[Task details]: For this exercise, repeat exactly the lines below starting at the line holding "BeamGlow – Sleek" and ending at the line holding "12 roses bouquet", both included, with no extra lines and no pictures.

[Recorded data]:

-=-=-

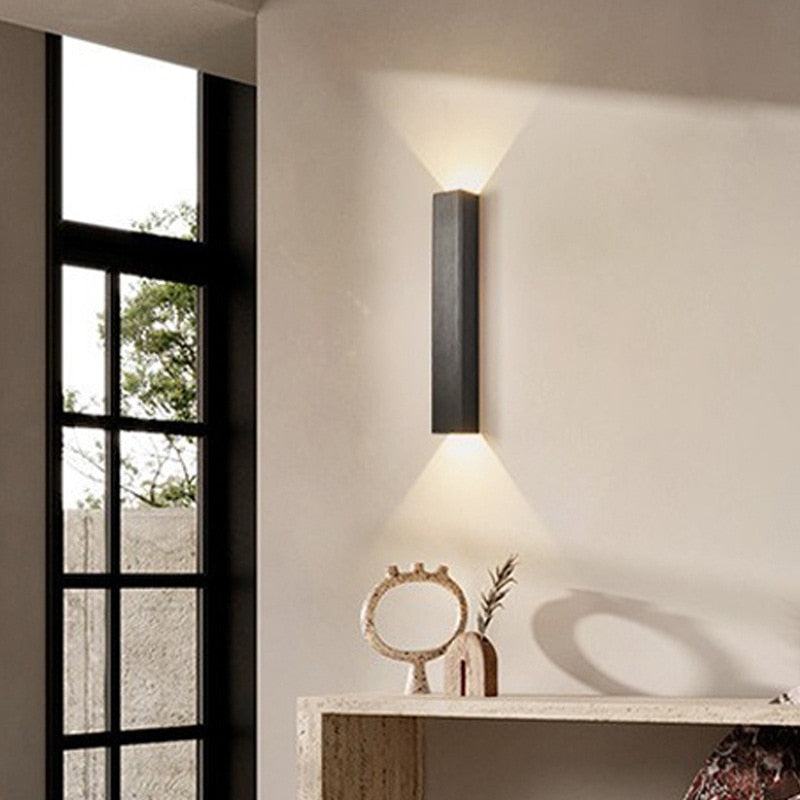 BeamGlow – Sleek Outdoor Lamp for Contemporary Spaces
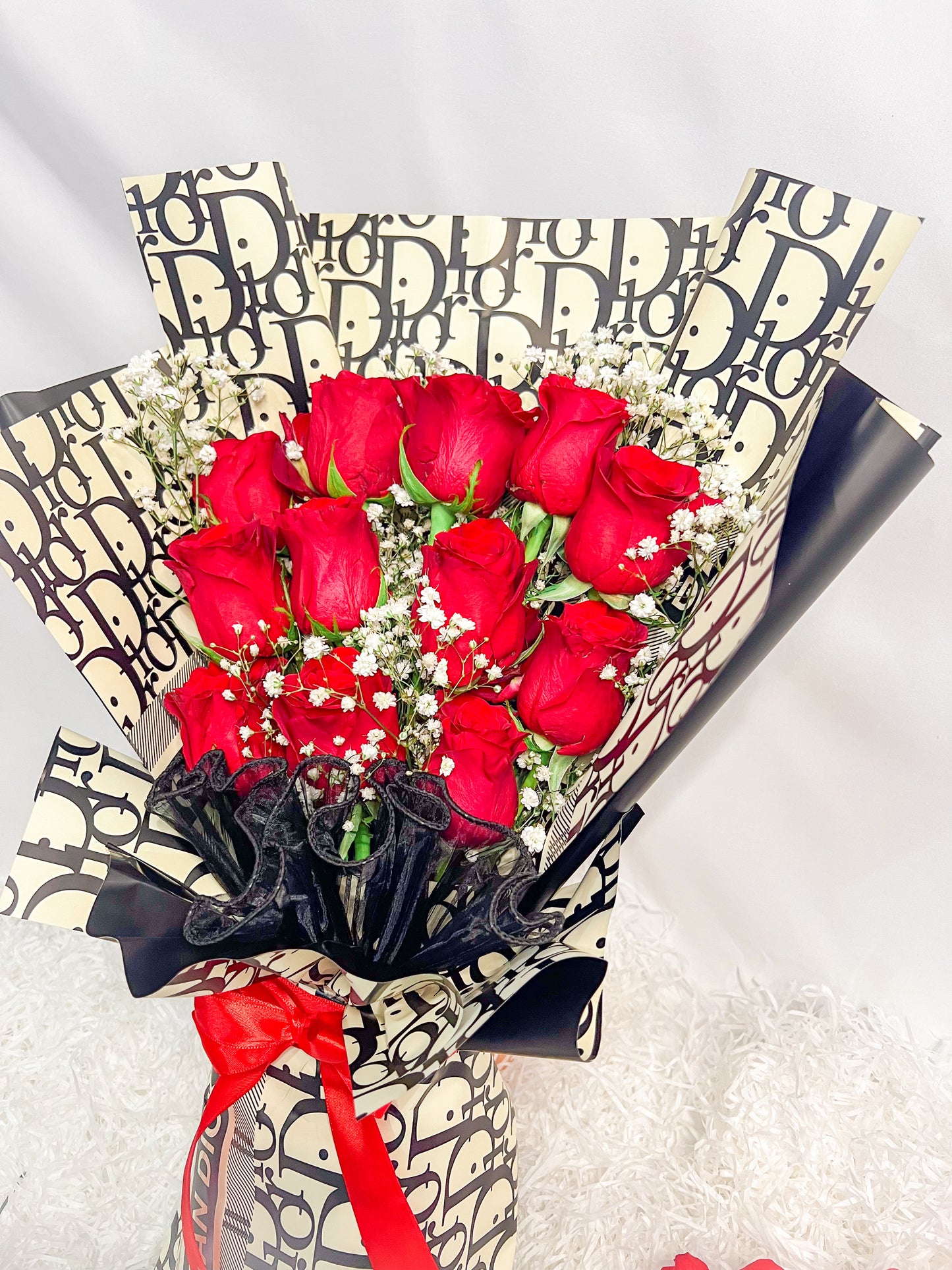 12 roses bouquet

-=-=-

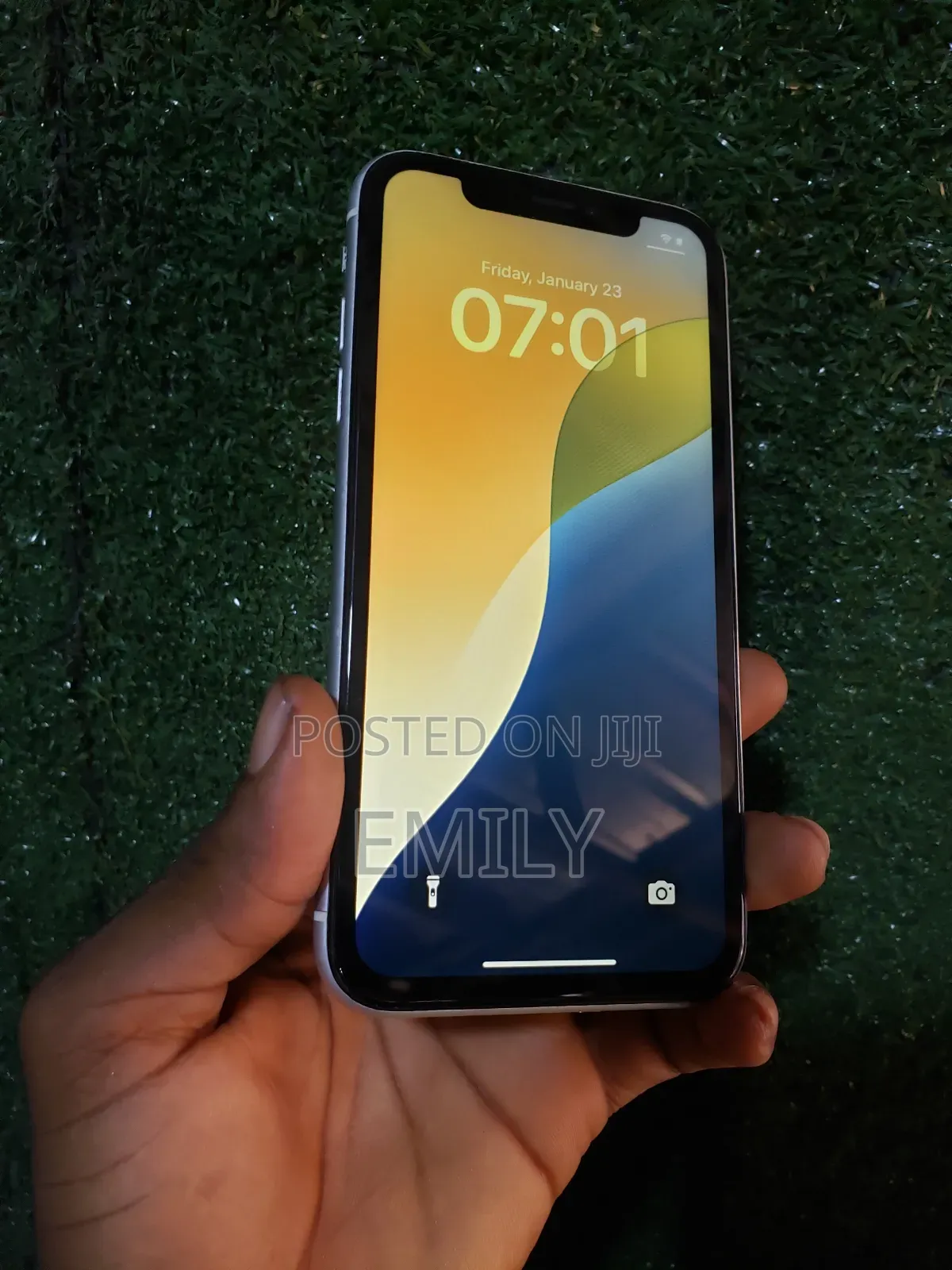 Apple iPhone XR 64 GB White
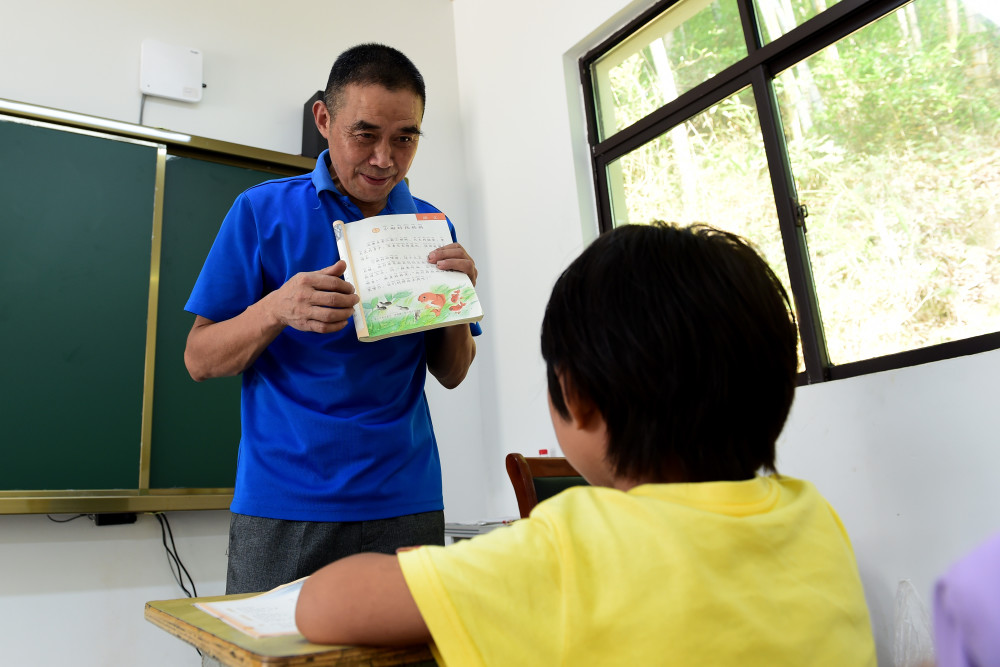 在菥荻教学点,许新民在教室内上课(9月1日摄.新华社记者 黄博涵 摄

-=-=-

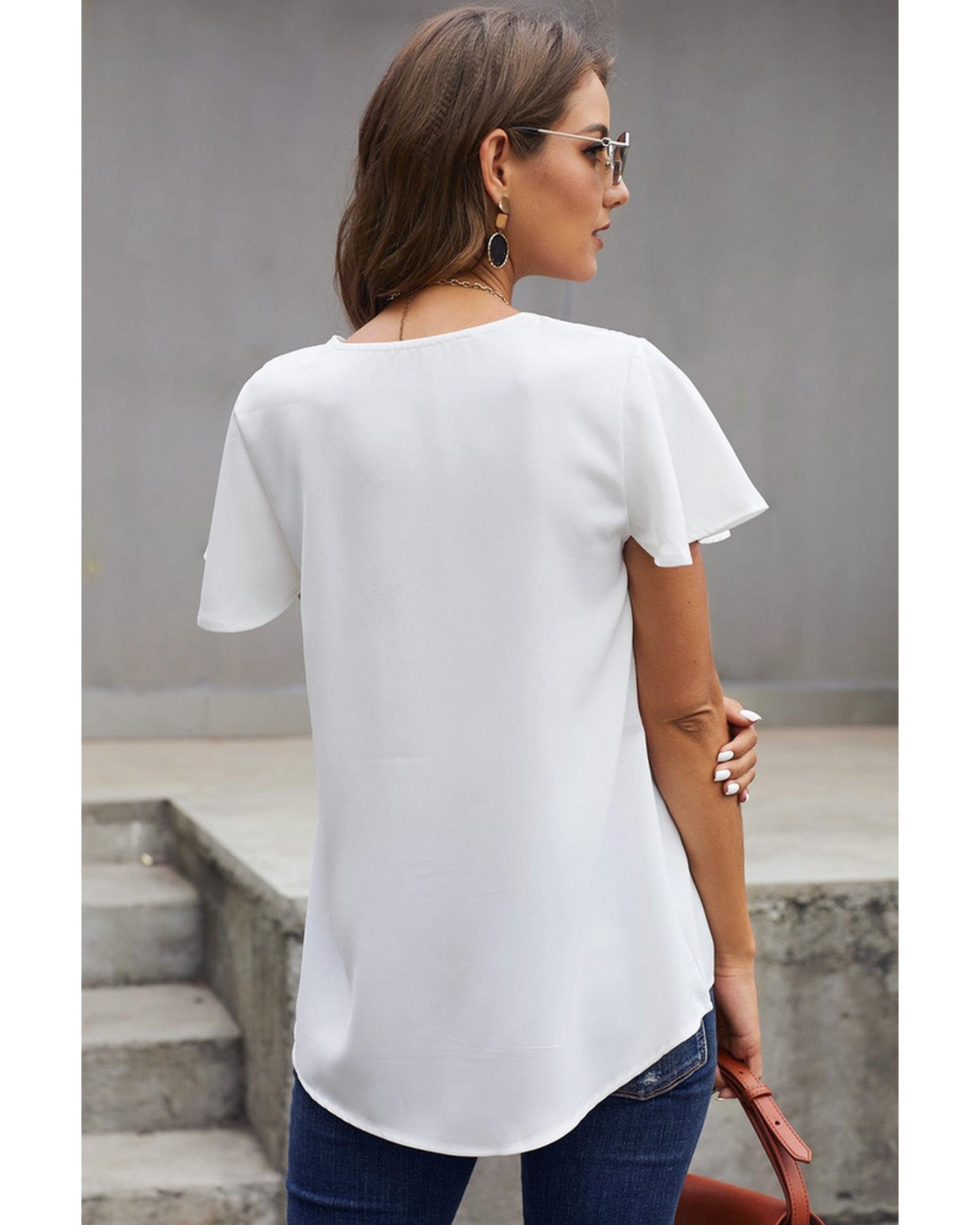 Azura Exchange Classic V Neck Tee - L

-=-=-

[Result of the task]:
 BeamGlow – Sleek Outdoor Lamp for Contemporary Spaces
 12 roses bouquet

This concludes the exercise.